Tuesday Reads: Politics Free Zone

A view of one of the frescoes of the newly restored Villa of Mysteries on the occasion of its presentation to journalists in the ancient site of Pompeii, Italy, Friday, March 20, 2015. Italy unveiled. (AP)

A view of one of the frescoes of the newly restored Villa of Mysteries on the occasion of its presentation to journalists in the ancient site of Pompeii, Italy, Friday, March 20, 2015. (AP)

Good Afternoon!

In just a few more days it will be 2016, and the slow news zone of the holidays will be over. I sure hope the new year will be an improvement over 2015. At least I’m hoping to see woman President of the U.S. by next year’s end.

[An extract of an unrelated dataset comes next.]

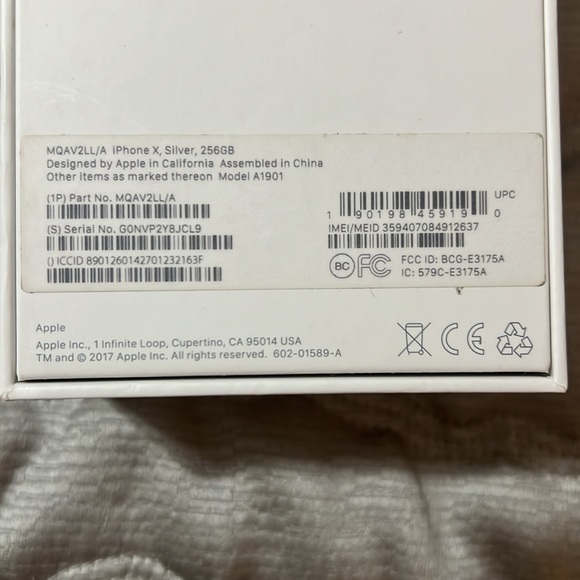 Apple iPhone X Box - Picture 3 of 6
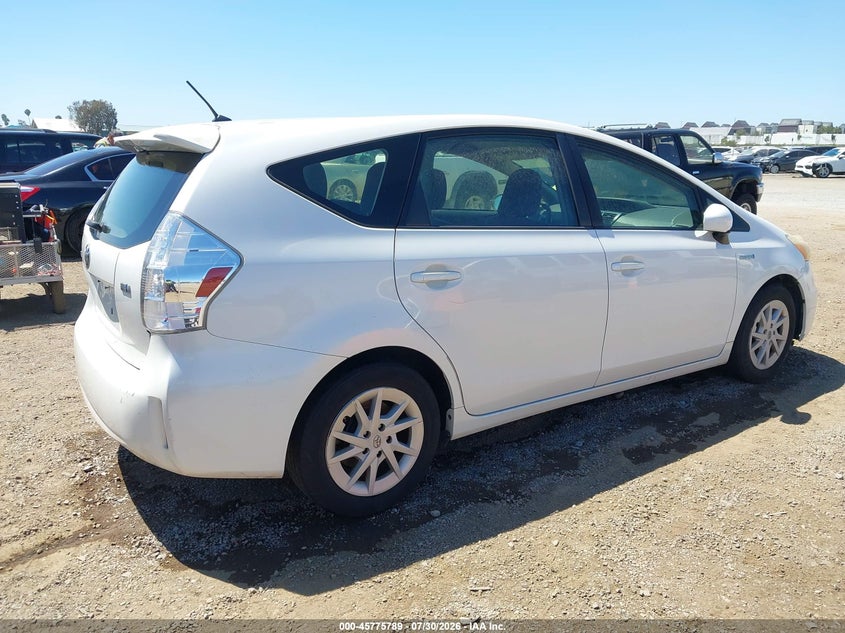 Vin: jtdzn3eu4d3206609, lot: 46274569, toyota prius v two 20134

I’m going to avoid politics today. I’m just not in the mood for stories about Donald Trump attacking Hillary and anyone else who dares to say something truthful about him and his campaign.

Ever since I was a kid, I’ve been fascinated by the story of Pompeii and how the city was frozen in time by an eruption of Mount Vesuvius. The ancient city is in the news now, because Italy has restored six houses and opened them to public view. CNN:

Newly restored ruins in the ancient city of Pompeii, with intricate mosaic tiles, bathhouses and even graffiti were officially unveiled to the public on Thursday after a lengthy restoration process.

The project, including six restored homes, is the result of a 2012 partnership between the EU’s European Commission and Italian authorities.

The partnership spent 150 million Euros for 12 projects geared towards consolidating “high risk” structures, building a drainage system, and restoring artifacts at the UNESCO World Heritage site situated near Naples, Italy.

Pompeii is one of most famous historical sites in the world. In 79 A.D., Mount Vesuvius buried the town and its unsuspecting inhabitants in hot rock, volcanic ash and noxious gas. Those who did not escape, suffocated or burned. Some were covered in several feet of ash and preserved and fossilized in the process. The resulting archeological record is remarkable. Its furnished rooms, paintings and even plaster casts of deceased inhabitants offer a detailed picture of life during the Early Roman Empire.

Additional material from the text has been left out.